UN agency ITU to hold high-level talks on standard-essential patent litigation in October

On Friday (July 6, 2012), the International Telecommunication Union (ITU), which is the United Nations specialized agency for information and communication technologies, announced that it "will host a high-level roundtable discussion between standards organizations, key industry players and government officials at ITU headquarters in Geneva, on 10 October 2012".

The ITU is well aware of what's going on in the industry and says that "[t]he ITU Patent Roundtable will address the worldwide surge in patent litigation and the growing lack of adherence to standards bodies' existing patent policies." The specific topics to be addressed "include potential improvements to existing policy frameworks, entitlement to injunctive reliefs, and definitions of what constitutes a royalty base". While I haven't said much so far about potential improvements to policy frameworks (since my focus has recently been almost entirely on litigation monitoring), the issues of injunctive relief over standard-essential patents and of an appropriate royalty base have come up here on numerous occasions. Five months ago I published an Apple letter to ETSI (the European Telecommunications Standards Institute) and commented on the issues Apple raised inthat letter. They are pretty much the same ones that the ITU is going to discuss with stakeholders.

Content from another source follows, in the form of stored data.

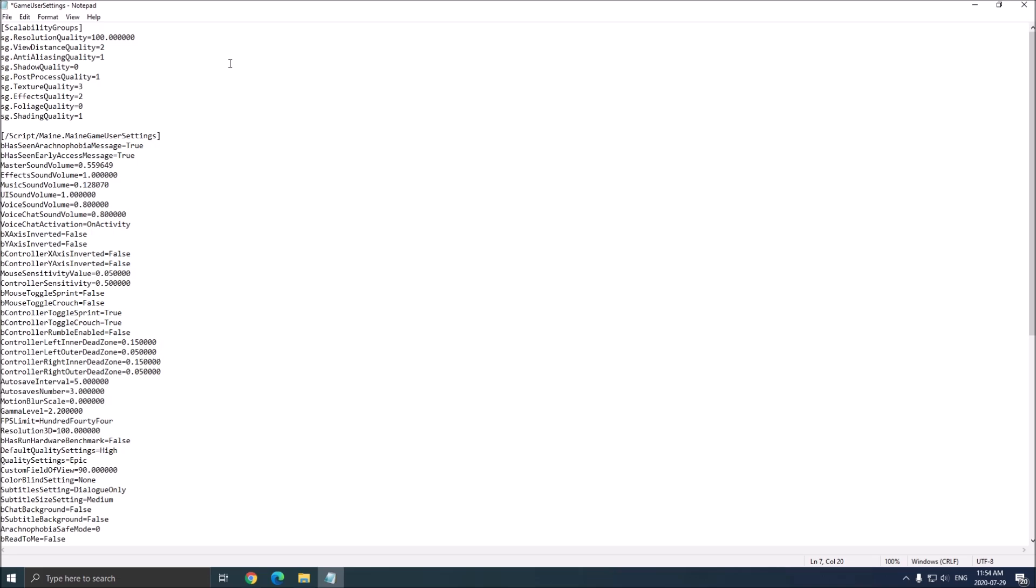Texture quality, they don't have a lot of crazy textures in this game. So I feel like if you have 3 gig and more, you can go with Epic if you want. If you have something like 2 gig, go with high or medium. And for sure, if you have like just 1 gig of VRAM, go with 0 low.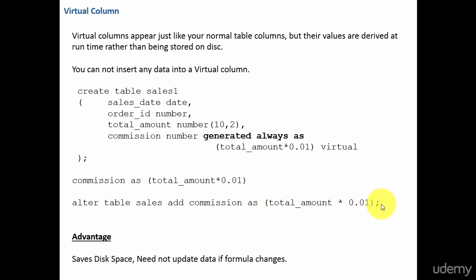What are the advantages of virtual columns? Number one, it saves disk space, because the actual values are not stored on the disk — they are just generated at run time. The second advantage: you need not update if the formula changes. Since the data is not stored on the disk, you are not updating anything — just update the formula and all the values will be displayed accordingly.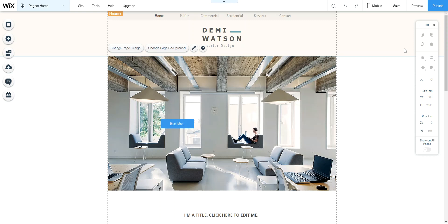Hello everybody, this video will show you how to modify your website. At this point you should have already created your account using your school-issued email and password, chosen your template, made a copy of it saved as 'World War 2 website last name and period' as one word, published it, and are ready to go. Now we are going to go over all the skills you need to learn to complete your website.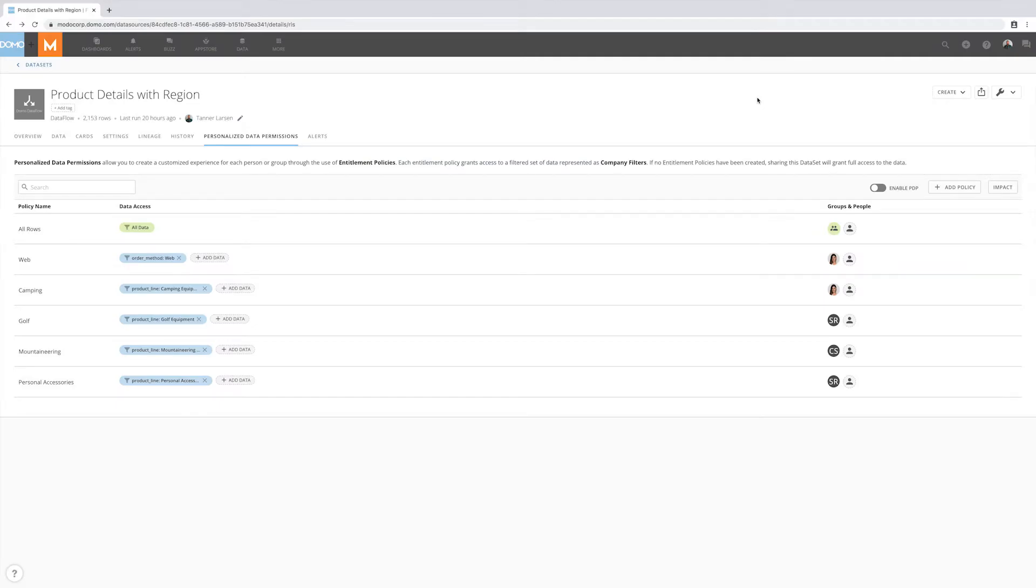When enabling or modifying personalized data permissions, it's simple to understand the impact of a PDP policy using the Impact Insights tool. There are three key notifications that must happen to have a successful rollout.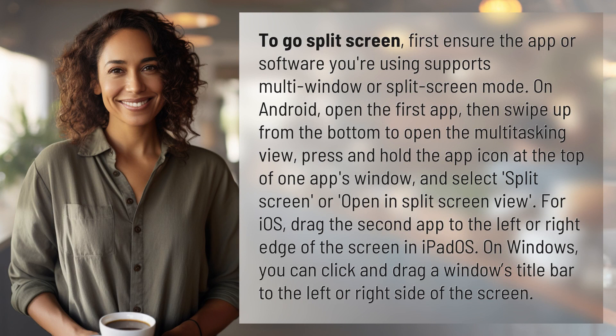On Android, open the first app, then swipe up from the bottom to open the multitasking view. Press and hold the app icon at the top of one app's window, and select split screen or open in split screen view.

You can find the full text of the ITU's press release here. Below the announcement and the contact data of the ITU's press department, you can find a selection of quotes that the ITU provided to the press along with its announcement. I was proud to be asked to contribute one as well. The organizations quoted by the ITU are literally from all over the world.

The ITU has previously been mentioned on this blog in connection with the H.264 video codec standard, one of the standards at issue in ongoing FRAND patent litigation that Google subsidiary Motorola Mobility is pursuing in the United States and Germany. The FRAND pledge by Motorola that is at issue in those H.264 disputes was actually made to the ITU.

The BBC, Computerworld and the IDG News Service, and many other media, have already reported on this ITU initiative. In addition, I wanted to promote it here because I count many industry stakeholders among my esteemed readers.